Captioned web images
/---

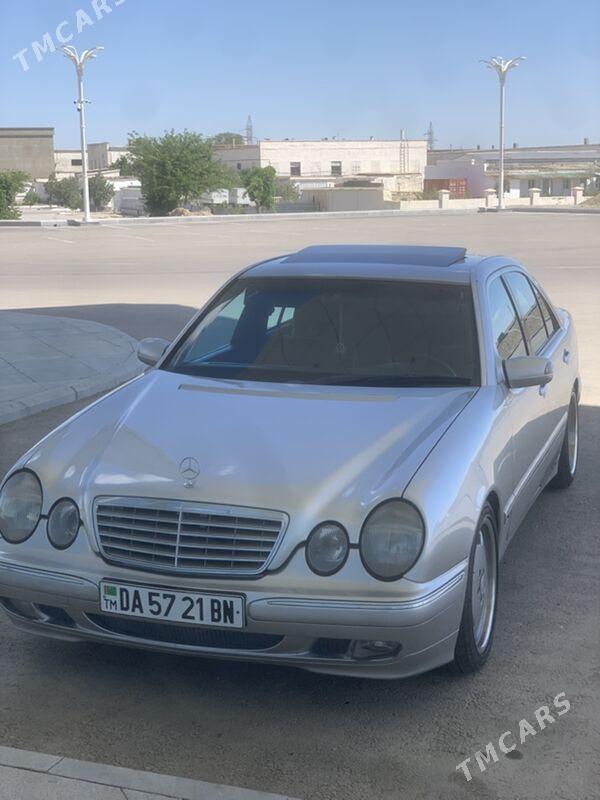 Mercedes-Benz E320 2000 - 130 000 TMT - Балканабат - img 7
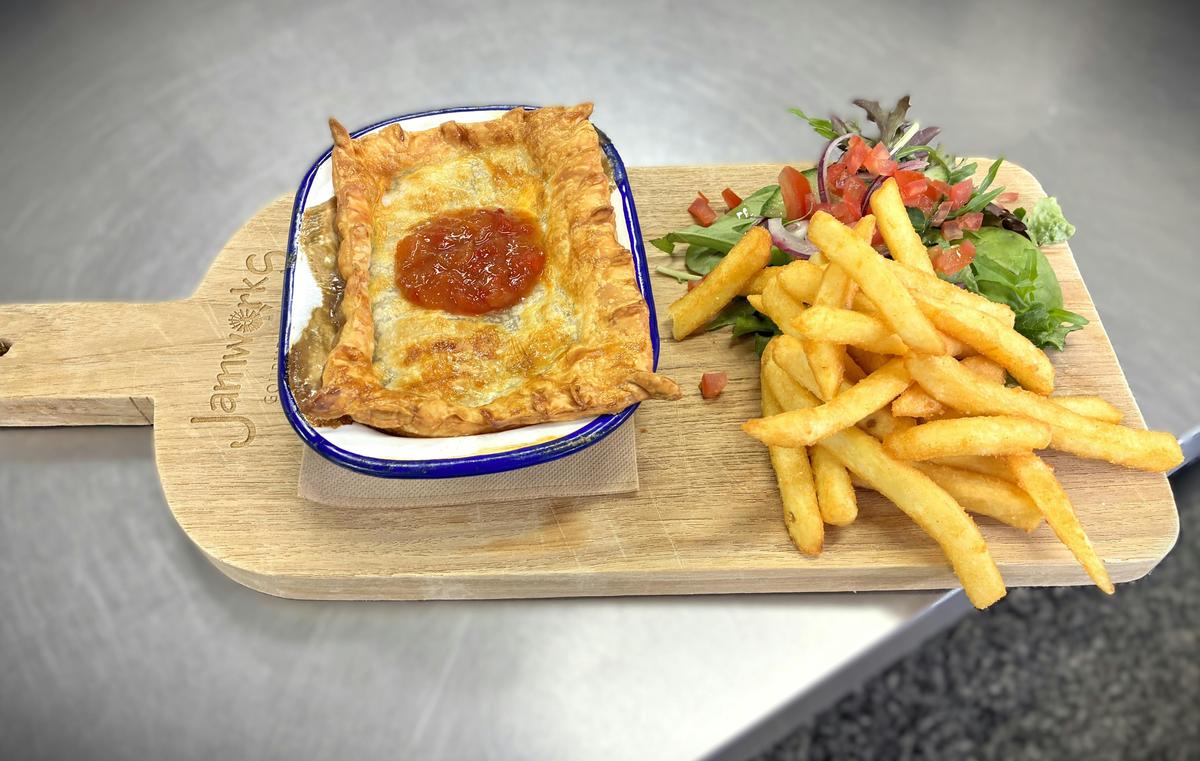 Beef & Mushroom Pie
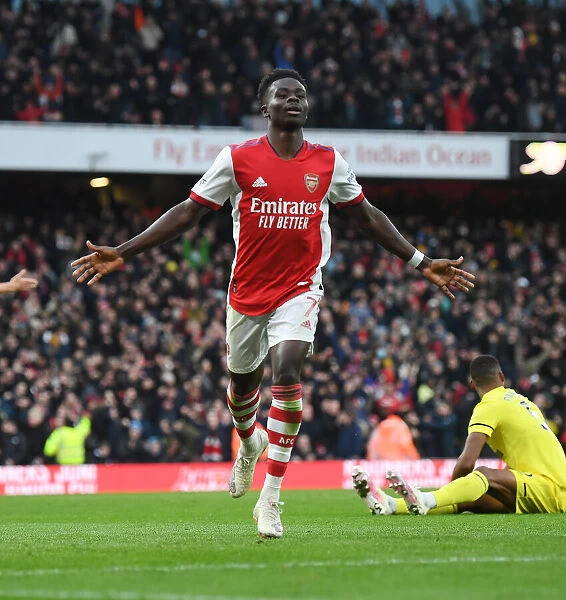 Arsenal's Bukayo Saka Scores Second Goal Against Brentford in 2021-22 Premier League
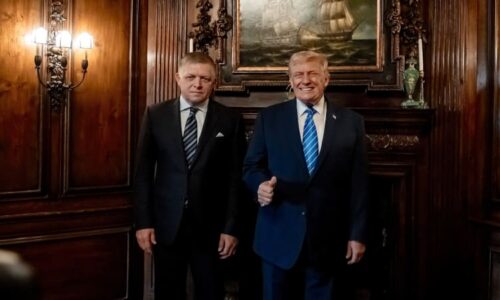 Fico jednal s Trumpem o Ukrajině. Nepapouškujeme Brusel, náš postoj zajímá USA, řekl premiér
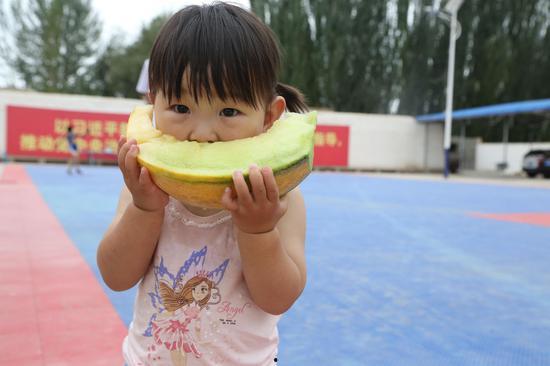 开心吃瓜直播,揭秘网红幕后故事，带你领略网络直播魅力
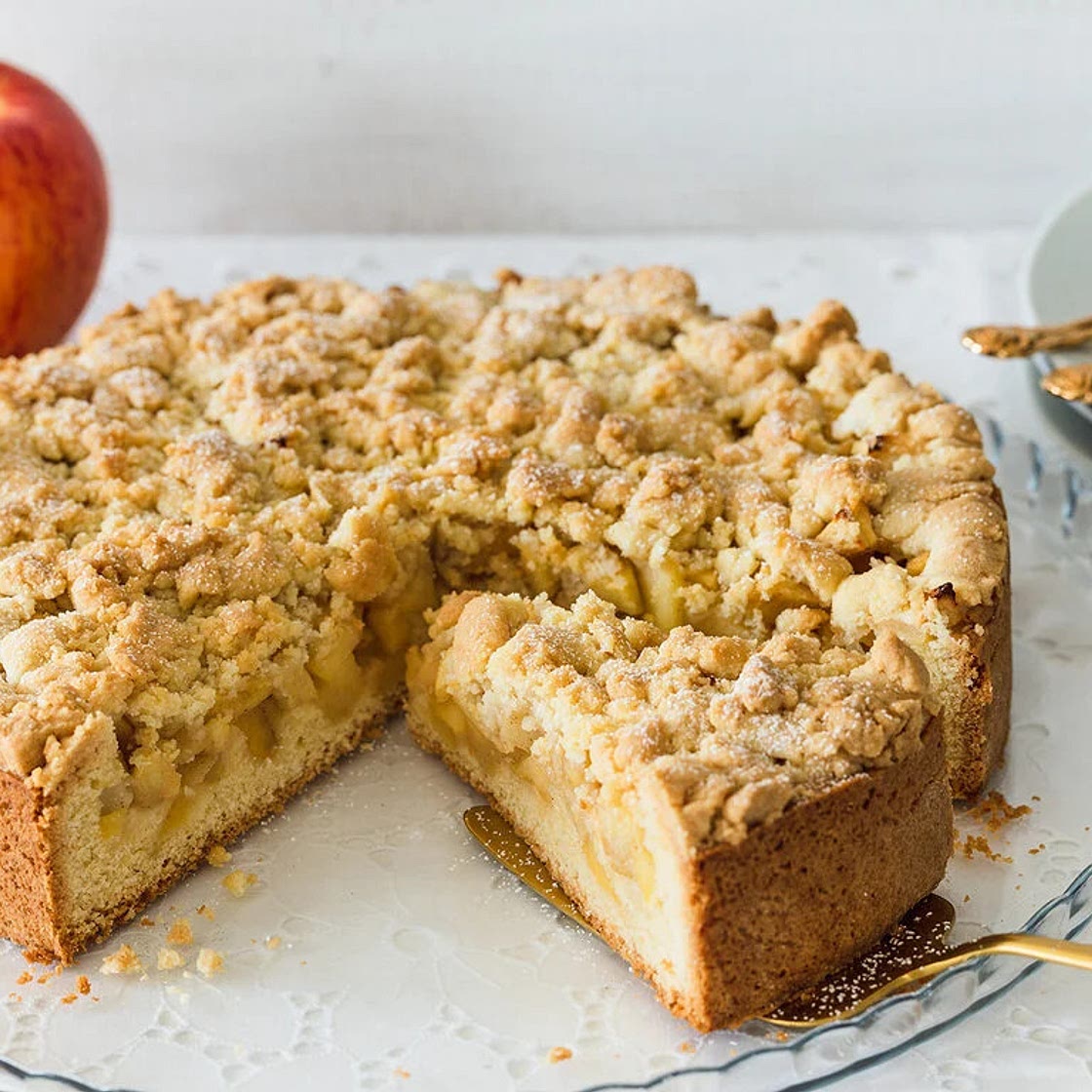 Apple crumble -  caramel - cake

\---

TASK TO CARRY OUT =>
Each record above should be repeated exactly, please, without pictures.

RESULT FOR THIS EXERCISE =>
 Mercedes-Benz E320 2000 - 130 000 TMT - Балканабат - img 7
 Beef & Mushroom Pie
 Arsenal's Bukayo Saka Scores Second Goal Against Brentford in 2021-22 Premier League
 Fico jednal s Trumpem o Ukrajině. Nepapouškujeme Brusel, náš postoj zajímá USA, řekl premiér
 开心吃瓜直播,揭秘网红幕后故事，带你领略网络直播魅力
 Apple crumble -  caramel - cake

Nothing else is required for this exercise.